■ Records supplied ■

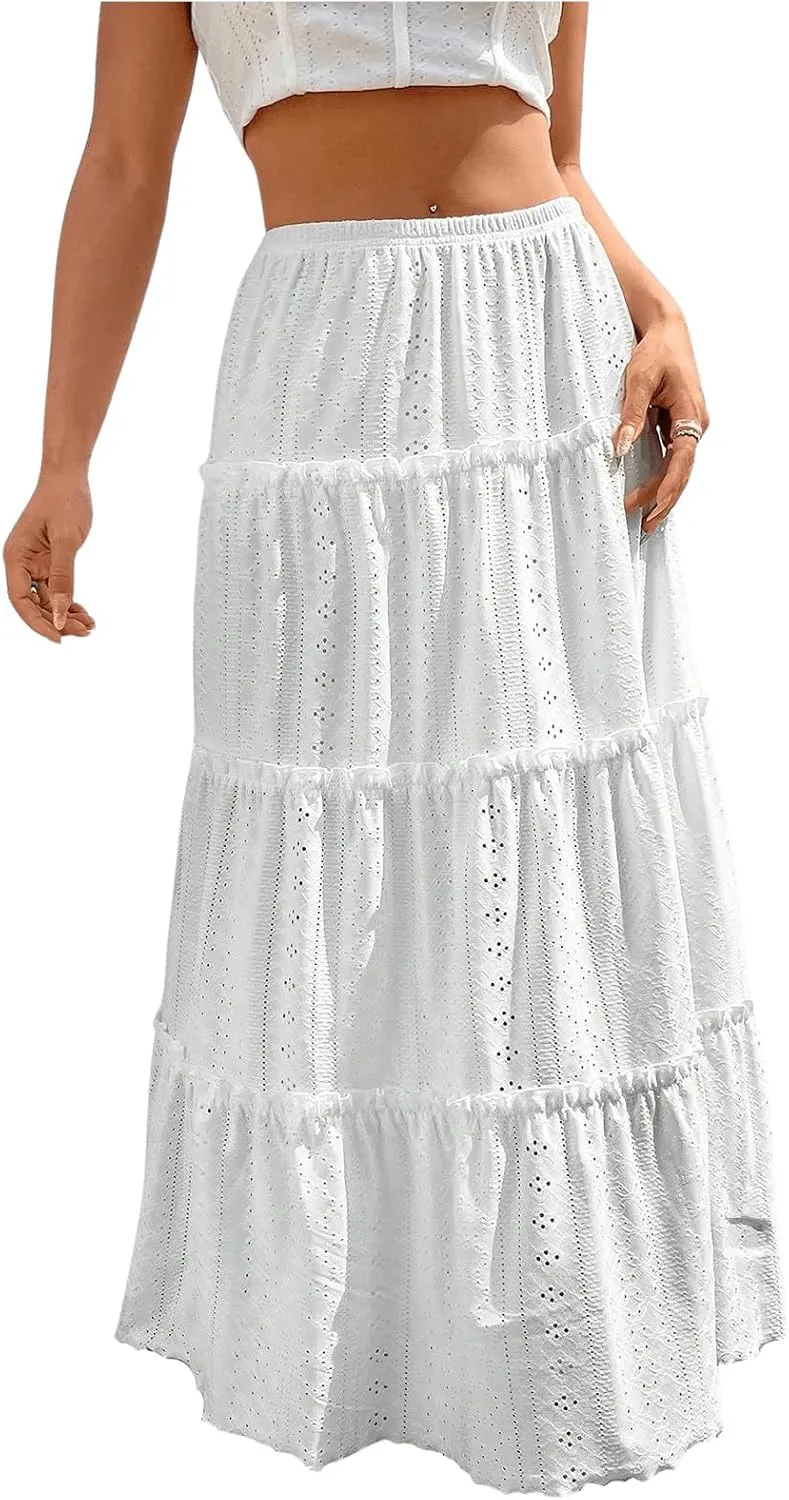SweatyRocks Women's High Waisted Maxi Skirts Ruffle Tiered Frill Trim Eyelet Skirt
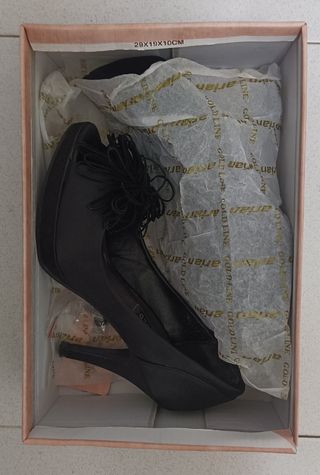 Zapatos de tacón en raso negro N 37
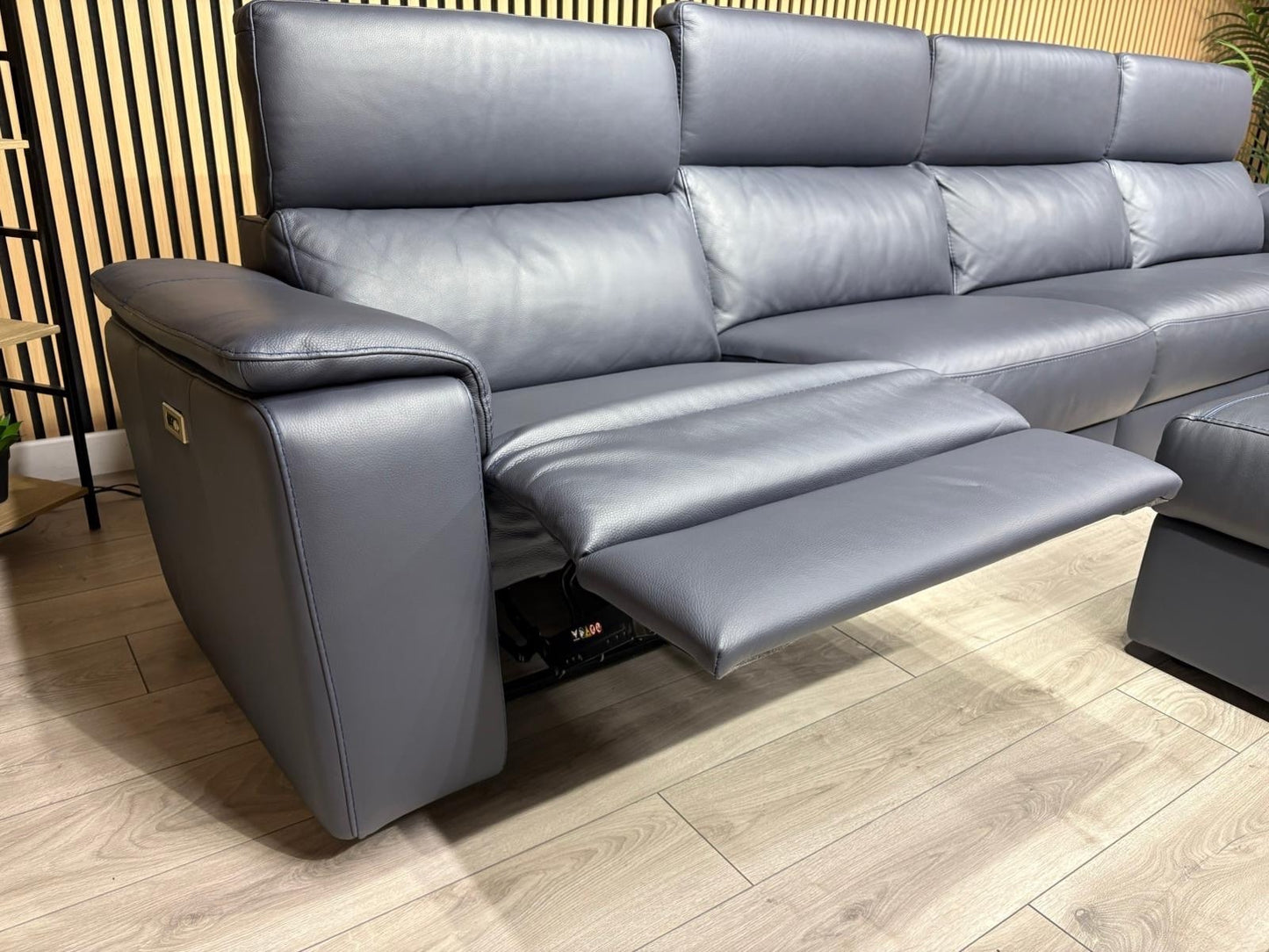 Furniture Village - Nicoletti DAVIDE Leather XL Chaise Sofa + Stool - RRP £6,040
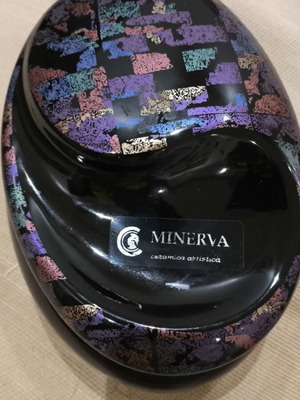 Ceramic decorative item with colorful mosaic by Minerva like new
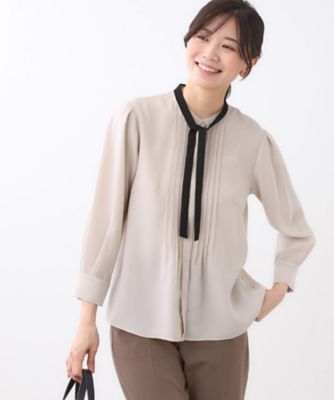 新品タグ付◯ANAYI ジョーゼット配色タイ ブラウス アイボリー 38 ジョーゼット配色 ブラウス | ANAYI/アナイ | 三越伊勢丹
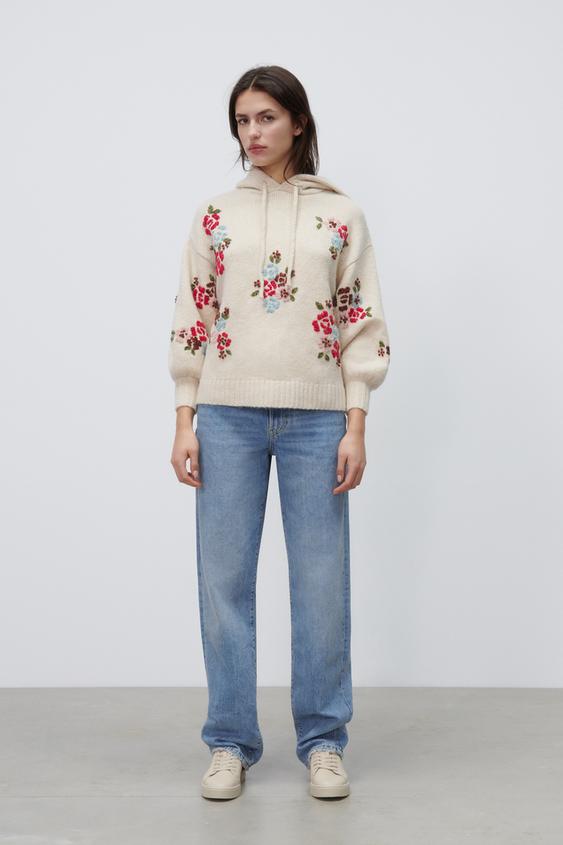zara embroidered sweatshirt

...

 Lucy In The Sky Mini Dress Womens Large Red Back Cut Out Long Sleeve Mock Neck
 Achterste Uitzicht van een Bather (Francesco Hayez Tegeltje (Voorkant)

---

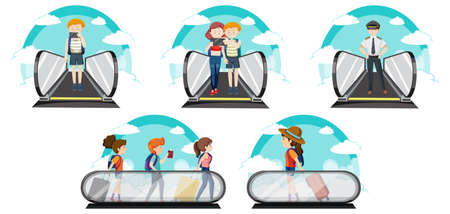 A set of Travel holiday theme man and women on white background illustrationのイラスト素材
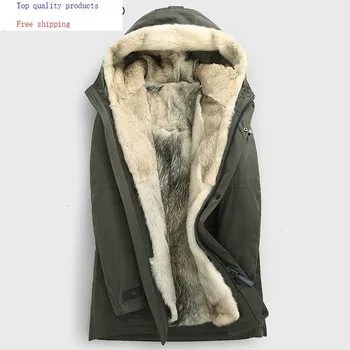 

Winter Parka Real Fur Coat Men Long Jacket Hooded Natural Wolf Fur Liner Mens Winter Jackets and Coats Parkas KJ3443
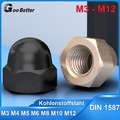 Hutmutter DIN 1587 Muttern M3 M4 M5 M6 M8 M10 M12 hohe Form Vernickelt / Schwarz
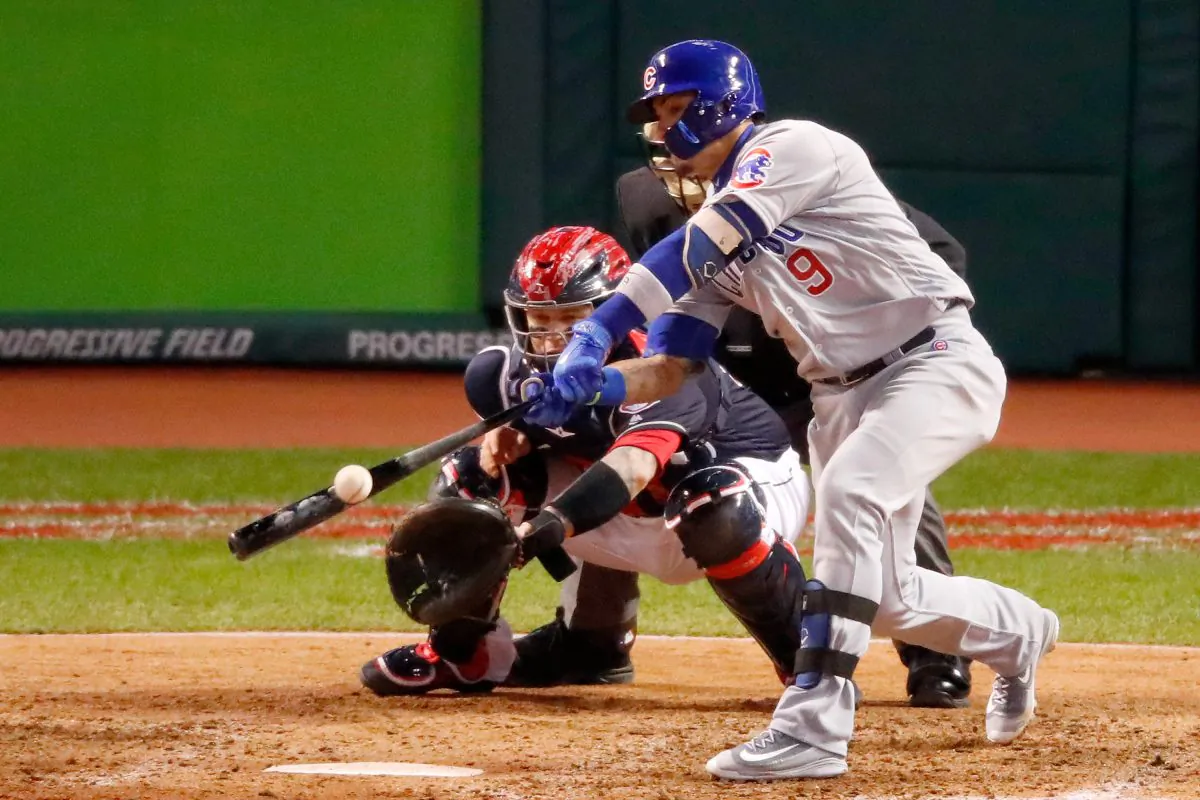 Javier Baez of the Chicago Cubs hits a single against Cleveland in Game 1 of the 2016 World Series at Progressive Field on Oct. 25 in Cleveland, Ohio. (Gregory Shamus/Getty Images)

■ Goal of the exercise ■
For the data above, set down exactly the lines from the line with "Furniture Village - Nicoletti" to the line with "zara embroidered sweatshirt", both included, leaving pictures out.

■ Output below ■
 Furniture Village - Nicoletti DAVIDE Leather XL Chaise Sofa + Stool - RRP £6,040
 Ceramic decorative item with colorful mosaic by Minerva like new
 新品タグ付◯ANAYI ジョーゼット配色タイ ブラウス アイボリー 38 ジョーゼット配色 ブラウス | ANAYI/アナイ | 三越伊勢丹
zara embroidered sweatshirt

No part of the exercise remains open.